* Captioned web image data
-*-*-
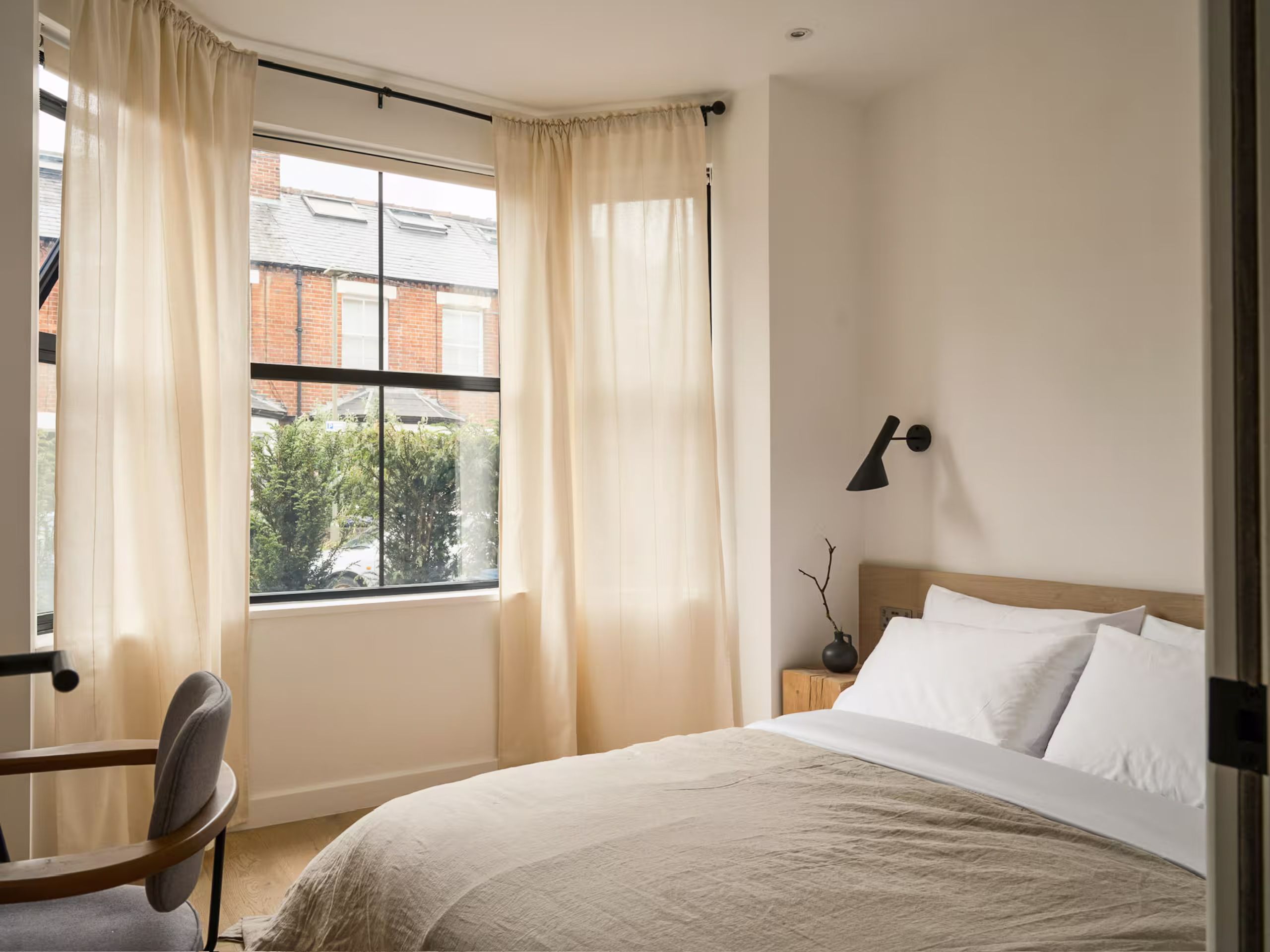 One of the bedrooms with a large window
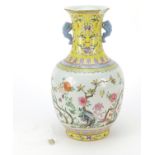 Chinese porcelain vase hand painted in the famille rose palette with flowers and scrolling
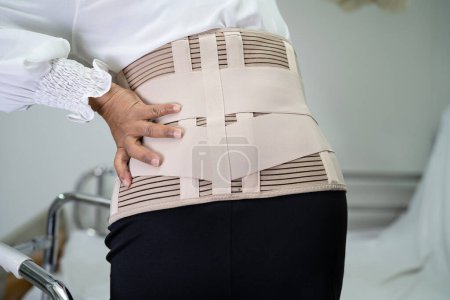 Foto de Asiática señora paciente usando espalda dolor soporte cinturón para ortopédica lumbar con walker. - Imagen libre de derechos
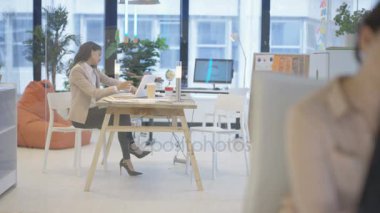 4k dizüstü bilgisayarda çalışan ve Office telefonda konuşurken kadın iş Yöneticisi meşgul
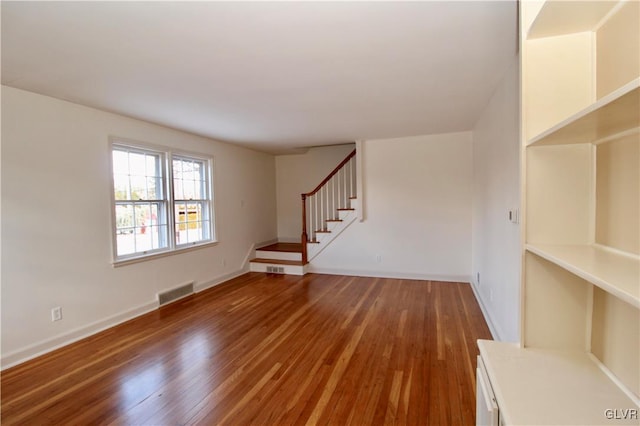 unfurnished living room with hardwood / wood-style floors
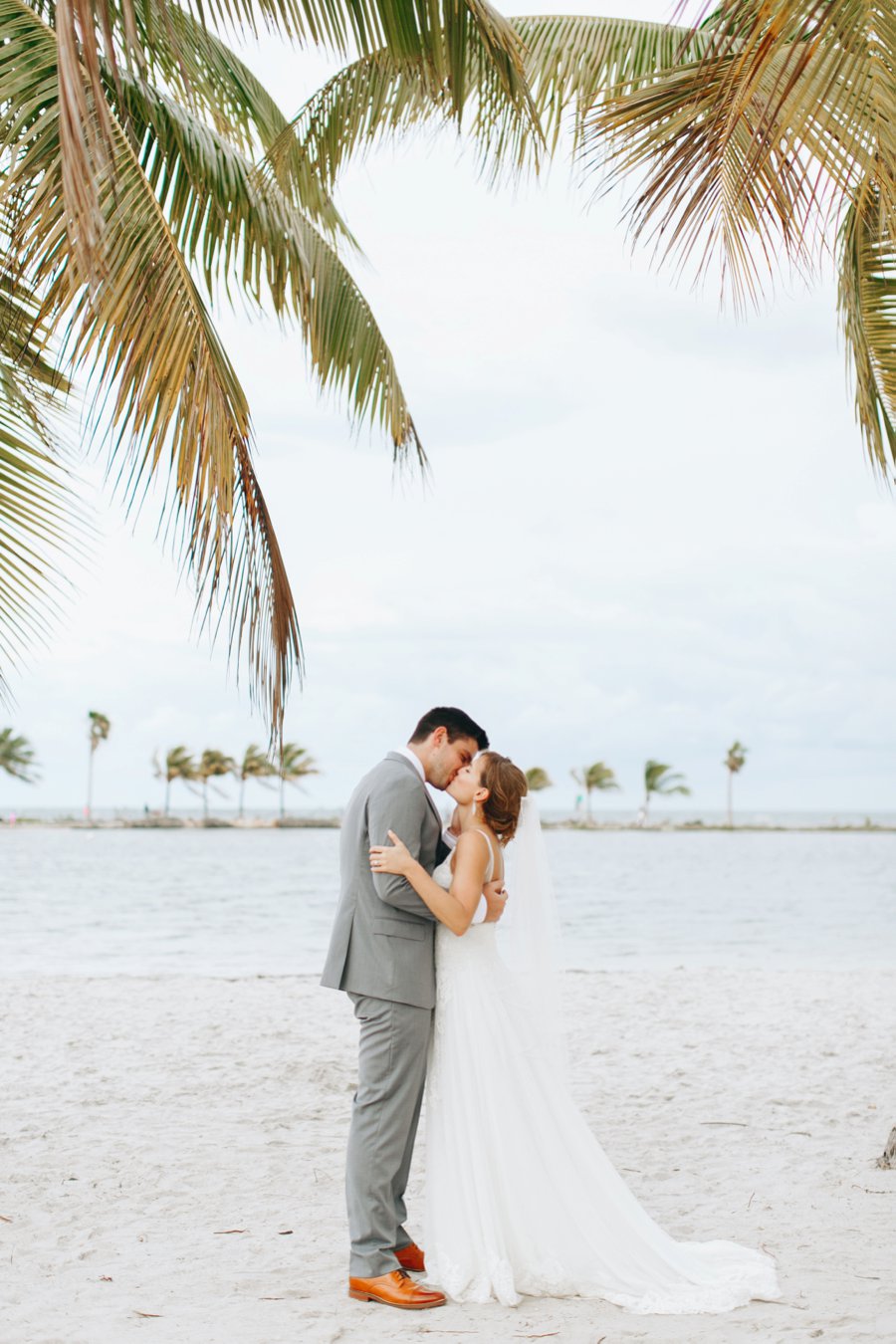 A Romantic Green & White Oceanside Miami Wedding via TheELD.com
-*-*-
The expected output is every entry above, retyped exactly, with the pictures removed.

* SOLUTION FOR THIS EXERCISE
 One of the bedrooms with a large window
 Chinese porcelain vase hand painted in the famille rose palette with flowers and scrolling
 Foto de Asiática señora paciente usando espalda dolor soporte cinturón para ortopédica lumbar con walker. - Imagen libre de derechos
 4k dizüstü bilgisayarda çalışan ve Office telefonda konuşurken kadın iş Yöneticisi meşgul
 unfurnished living room with hardwood / wood-style floors
 A Romantic Green & White Oceanside Miami Wedding via TheELD.com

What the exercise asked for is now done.